Volvieron a Yugoslavia, a casa de un hermano de la madre que era historiador. Todo lo que Kis había aprendido en la escuela sobre el milenario enfrentamiento entre húngaros, montenegrinos y serbios, su tío se lo mostró de manera inversa. También le mostró otros equívocos: por ejemplo que, para la ley judía, la sangre la transmite la madre, o sea que el joven Danilo no era suficientemente judío, tal como no era suficientemente serbio para sus compañeros cuando entró a estudiar letras en la Universidad de Belgrado. Medio judío, medio húngaro, medio serbio, medio montenegrino, con una habilidad endiablada para los idiomas que debía disimular en un entorno cada vez más indisimuladamente nacionalista (ya hablaba alemán, ruso y francés, además de húngaro y serbio), Kis no tenía lugar en el mundo hasta que se abrió la carrera de literaturas comparadas: no sólo fue el primer egresado de la carrera, era como si la hubieran inventado para él. En aquellas aulas desangeladas, de espaldas al provincianismo de su país, Danilo Kis pudo leer como un privilegiado: autores rusos que estaban prohibidos en Rusia, autores judíos centroeuropeos evaporados del mundo por los nazis que Occidente no había llegado a conocer, incluso autores remotos que las autoridades consideraban ocioso traducir al serbio, como un argentino llamado Borges.

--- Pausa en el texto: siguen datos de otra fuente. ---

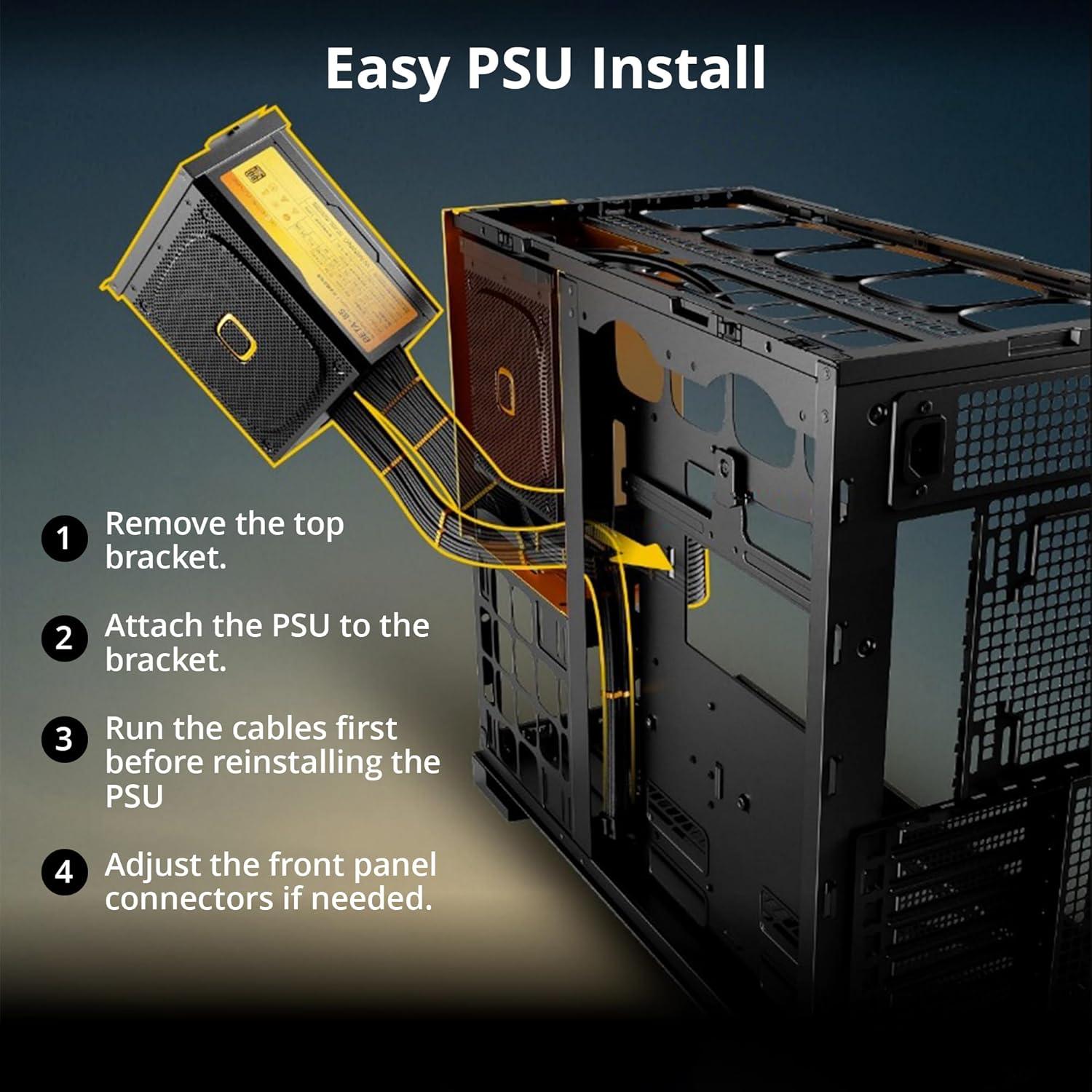 Panel Frontal M5 Vent Futuro Geométrico Negro/Amarillo E-ATX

Ya con su tesis había levantado polvareda (sostenía que Guerra y Paz habría sido mejor libro si Tolstoi se hubiera basado no sólo en documentos militares rusos sino también en documentos franceses para contar cómo derrotaron a Napoleón), pero fue Historia universal de la infamia el libro que le hizo entender cómo escribir, y que lo condenó. Tan fascinado con el mecanismo como exasperado con el título, Kis obedeció la consigna de Borges (“Todo libro que no encierra su contralibro es un libro incompleto”), pero su contralibro retrataría no la mera infamia de diferentes individuos a lo largo de la historia sino la cara infame de un siglo, el suyo. Y la infamia de su siglo eran los campos. Kis ya había escrito un par de libros veladamente autobiográficos, sobre su infancia y sobre su padre (es decir, sobre Auschwitz); le quedaba el gulag. Eligió uno de sus aspectos menos conocidos: el Komintern, esos extranjeros que amaron tanto la revolución que dejaron todo por ella, y la revolución se los devoró. Una tumba para Boris Davidovich cuenta, a través de siete historias de anónimos “buenos bolcheviques” de distintas nacionalidades (irlandeses, españoles, alemanes, ucranianos, polacos) que terminaron fusilados o enviados a Siberia, la aciaga historia de la Internacional Comunista.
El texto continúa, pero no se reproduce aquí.